Le ministre des Affaires étrangères de la Lituanie, Kęstutis Budris, l'a confirmé : il y a une pression. « Je peux dire que oui, il y a une activité supplémentaire de la part des États-Unis sur cette question », a-t-il déclaré dans un commentaire au journal lituanien Delfi. Budris a également averti que Minsk pourrait profiter du changement dans les relations avec les États-Unis pour intensifier la pression sur la Lituanie.

« Les sanctions imposées contre la Biélorussie par l'Union européenne continuent de s'appliquer »

Kęstutis Budris, ministre des Affaires étrangères de la Lituanie

La position de Vilnius reste inchangée pour l'instant : tant que les sanctions de l'UE sont en vigueur, il n'y aura pas de transit. Le président lituanien Gitanas Nausėda cherche des alliés : il a exprimé l'espoir de former une coalition puissante qui s'opposerait résolument à l'exportation des engrais biélorusses par les ports lituaniens, et a déjà obtenu la compréhension du chancelier allemand.

Ce que signifient les chiffres

Les enjeux sont concrets pour les deux parties. Avant l'imposition des sanctions, la Biélorussie exportait chaque année 10 à 12 millions de tonnes d'engrais potassiques, générant environ 2,5 milliards de dollars en devises. Pour la Lituanie, la fermeture de l'itinéraire a également été douloureuse : le chiffre d'affaires de Klaipėda a chuté d'environ 20 %, et les chemins de fer perdaient environ 100 millions d'euros par an.
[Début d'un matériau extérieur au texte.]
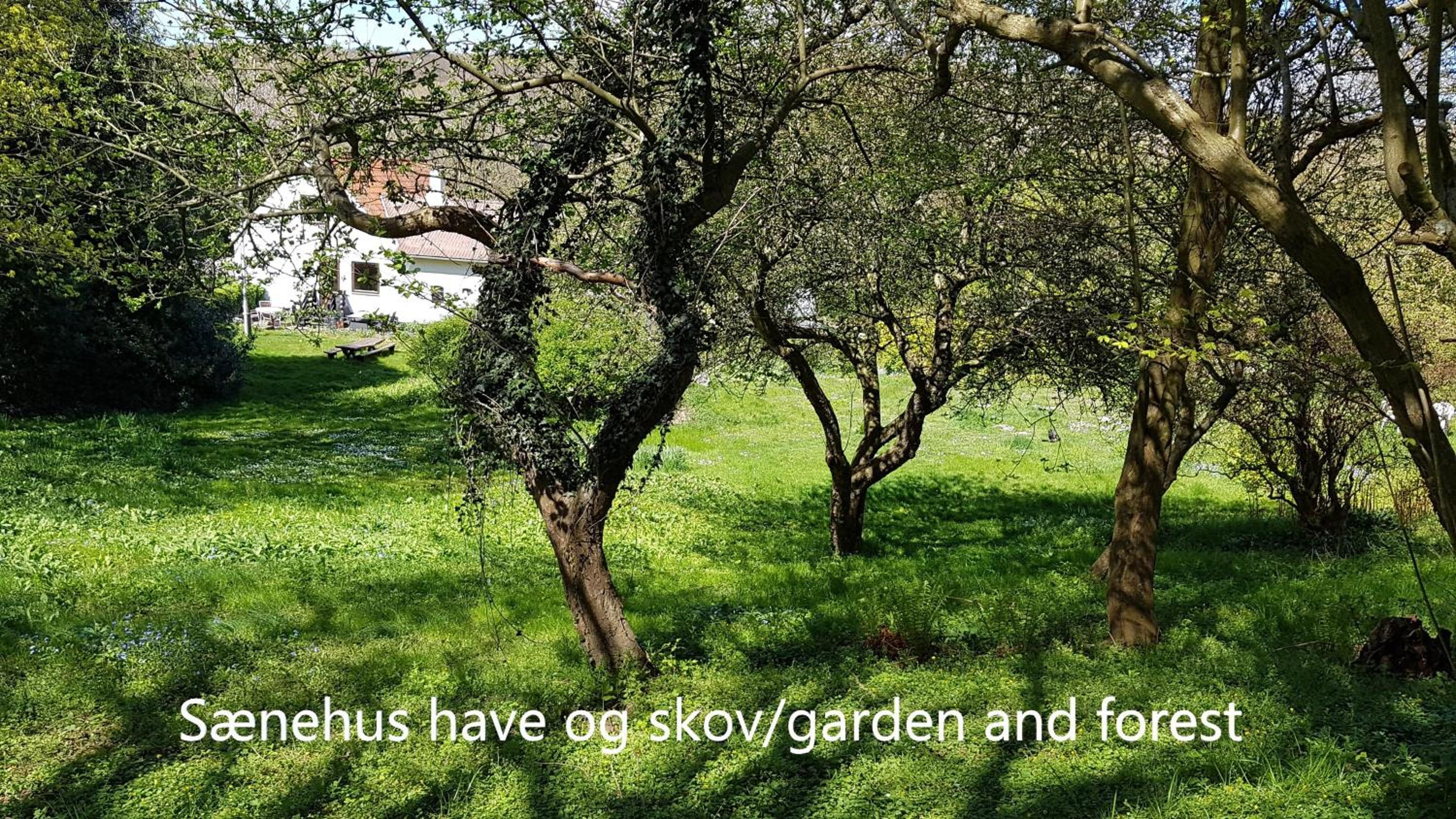 Sænehus Husmandssted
Parallèlement, les États-Unis importent environ 88 % de leur potasse du Canada, environ 8 % de Russie. Avant les sanctions, les importations d'engrais potassiques de Biélorussie représentaient environ 5 % du volume total. Autrement dit, le marché américain dépend à peine de la potasse biélorusse — ce qui rend la pression sur la Lituanie plutôt un geste géopolitique envers Minsk qu'une nécessité économique pour les États-Unis eux-mêmes.

La logique de l'accord — et où elle s'effondre

L'administration Trump considère la Biélorussie comme un potentiel « pont » vers Poutine pour accélérer la fin de la guerre en Ukraine. L'assouplissement des sanctions en fait partie. Mais la structure est fragile : les Américains ont levé leurs restrictions, mais les sanctions de l'UE n'ont pas disparu. La Lituanie s'est retrouvée en position de tampon entre deux systèmes de restrictions qui ne sont plus synchronisés.

  • Les sanctions américaines contre « Belaruskaliy » — de facto suspendues par la licence du Trésor
  • Les sanctions de l'UE contre le transit via Klaipėda — en vigueur
  • La position de la Lituanie — suivre les sanctions de l'UE, malgré la pression de Washington

Si Bruxelles ne suit pas Washington et n'assouplit pas ses propres restrictions, toute la construction « engrais en échange de prisonniers » restera inachevée : Loukachenka a obtenu sa réhabilitation internationale, mais pas d'argent. La question est de savoir si Trump s'en tiendra là — ou si l'étape suivante sera une conversation directe avec Bruxelles sur la synchronisation de la politique des sanctions, que l'UE n'a pas demandée jusqu'à présent.